Berry Verlaan - 17 juli 2008
DE KWAKEL - Elke week wordt een Uithoornaar of Kwakelaar door het WItte Weekblad geïnterviewd. Hij of zij nodigt zelf een opvolger uit en bedenkt de eerste vraag. Vorige week nodigde Theo Vlasman Berry Verlaan (60) uit. Berry is een echte Kwakelaar. Hij is getrouwd, heeft twee kinderen en drie kleinkinderen. Destijds was Berry de 5000e inwoner van de gemeente Uithoorn en dat leverde vooral zijn ouders veel leuke extraatjes op in de vorm van voedselbonnen en een spaarbankboekje met 100 gulden. Berry werkt in de tuinbouwsector, voor zijn werk is hij geregeld in het buitenland geweest. Theo wil hem vragen hoe de verhoudingen tussen werknemers en werkgevers daar zijn. Die verhouding is vergeleken met de Westerse Wereld, heel anders.
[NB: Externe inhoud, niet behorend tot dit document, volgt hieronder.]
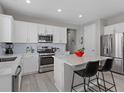 Contemporary kitchen boasts stainless steel appliances, a modern island with seating, and ample countertop space at 55 S Edge Cliff St, Castle Rock, CO 80104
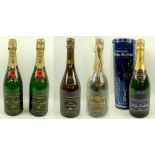 A group of five bottles of vintage champagne, comprising two bottles of Moet & Chandon Champagne,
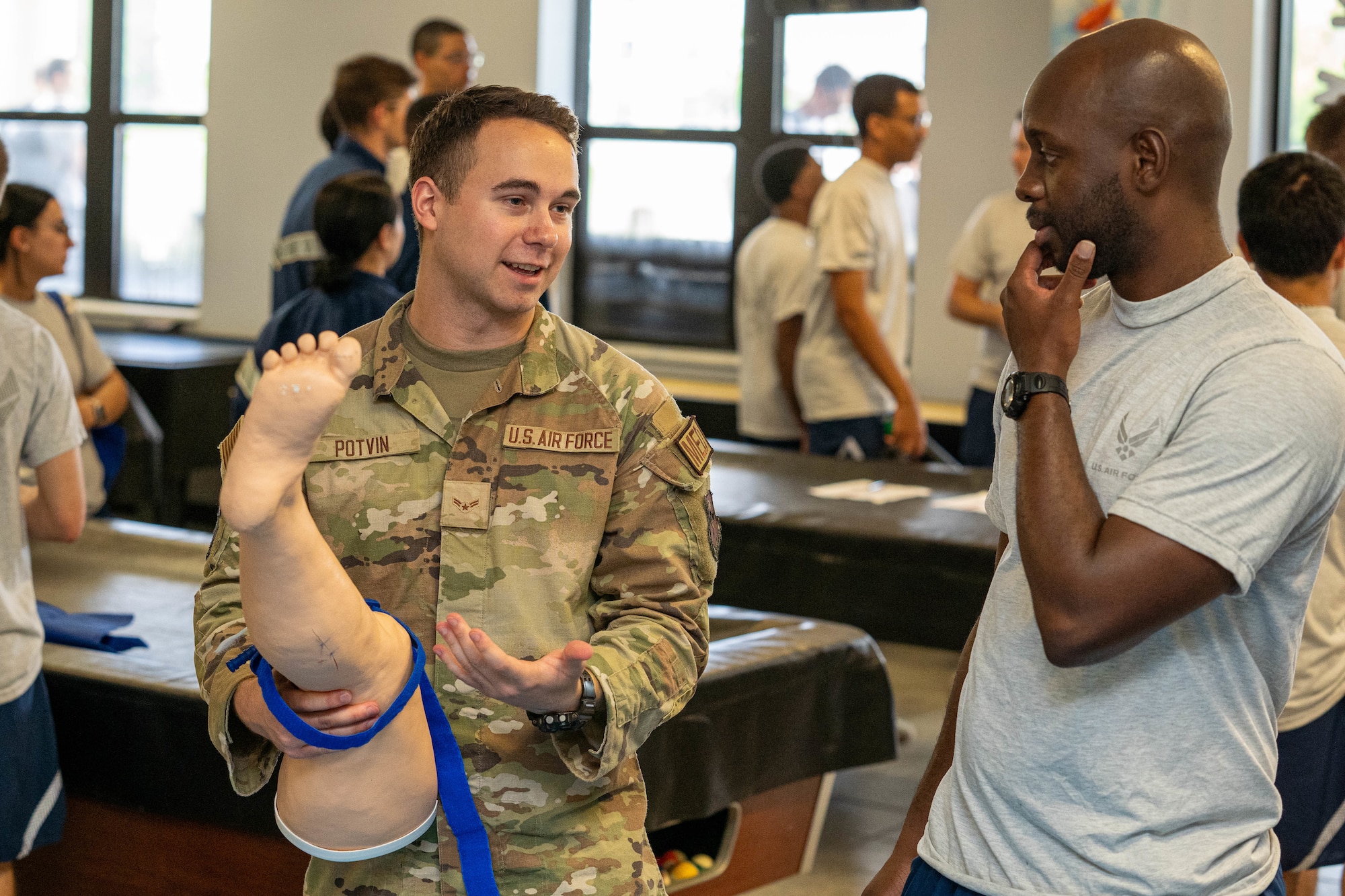 An 81st Medical Group Airman explains the importance of proper tourniquet placement at the Student Health Fair on Keesler Air Force Base, Mississippi, July 19, 2024.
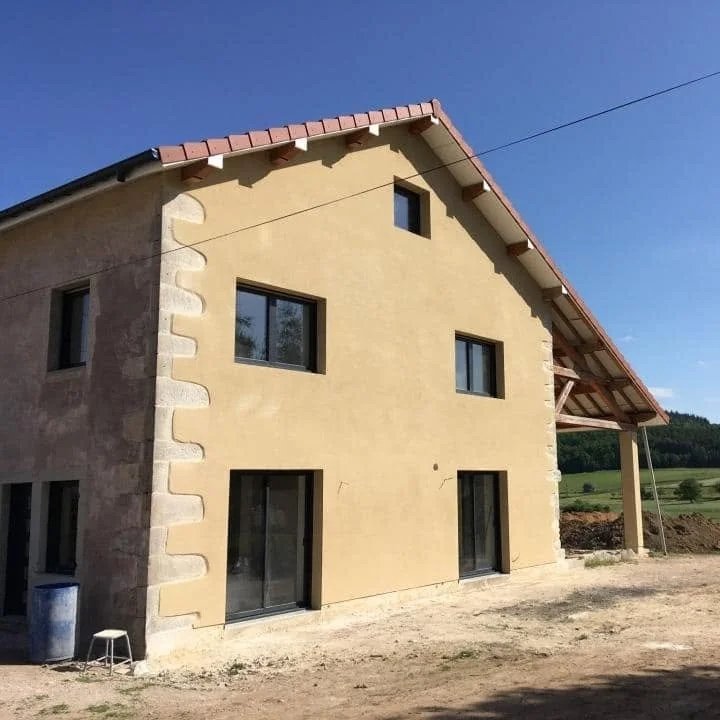 Maison en construction avec murs en plâtre jaune et fenêtres modernes, sous un toit en tuiles rouges, dans un environnement rural
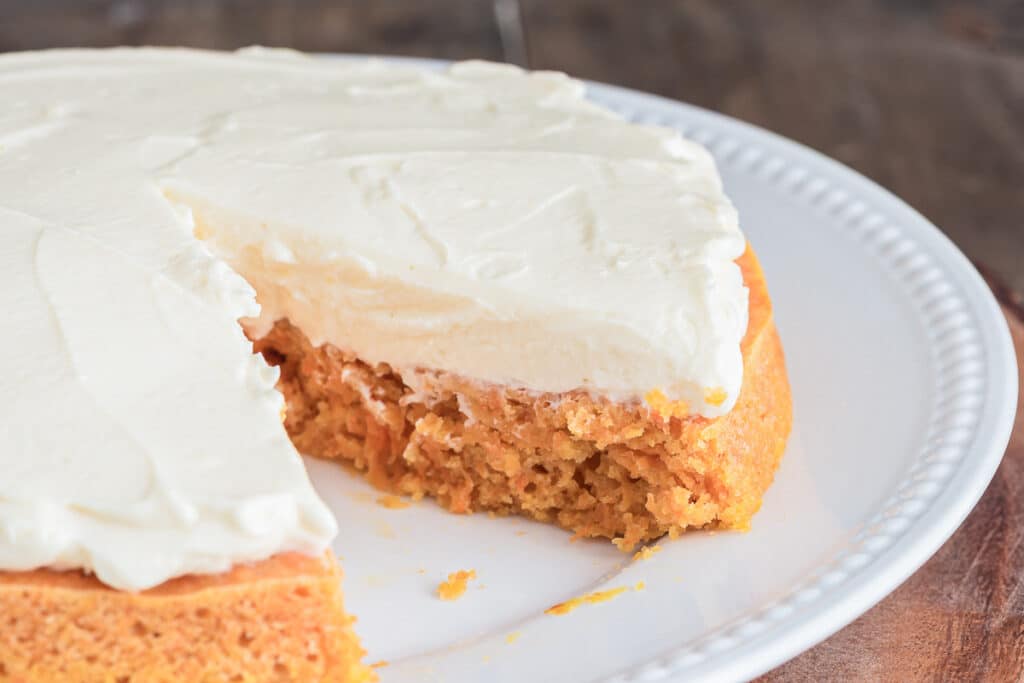 Carrot cake on a white plate.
Ketting gesprekken - 17-08-2008 - Berry VerlaanOp de eerste vraag antwoordt Berry: "Voor mijn werk ben ik veel in landen in Zuid- Amerika, India, China en Japan geweest. In al die landen is er een verschil tussen de werknemers en werkgevers, maar in het ene land zijn de omstandigheden nog slechter dan in het andere land. In veel landen is de werknemer echt een nummer. Werknemers werken voor 1,5 à 2 dollar 8 à 9 uur per dag. Vroeger was dat zeven dagen per week, maar dat aantal uren is teruggebracht naar een veertigurige werkweek, hoewel dat nog niet overal zo is. In de rozenteelt moet wel zeven dagen per week gewerkt worden en daar zijn wel mensen voor nodig. In de afgelopen jaren is er ook wel het één en ander veranderd binnen het sociale verkeer. Bedrijven krijgen certificaten toegekend als alles in orde is. Toen ik in 1985 voor het eerst in Costa Rica kwam, was ik nog niet gewend aan die andere culturen en ben ik best geschrokken.
Aan de andere kant waren de omstandigheden voor de mensen die er werkten, in hun ogen normaal; ze wisten niet beter en dat gold ook voor de werkgevers. Ik kwam er als teelttechnisch adviseur en ik had te maken met de managers van de bedrijven. Mijn functie was om hen inzicht te geven in het teeltproces en de mensen zo op te leiden dat het de teelt ten goede kwam. Met de werknemers had ik niet echt veel te maken. Ik zag de verschillen wel met landen als Nederland en die waren echt groot.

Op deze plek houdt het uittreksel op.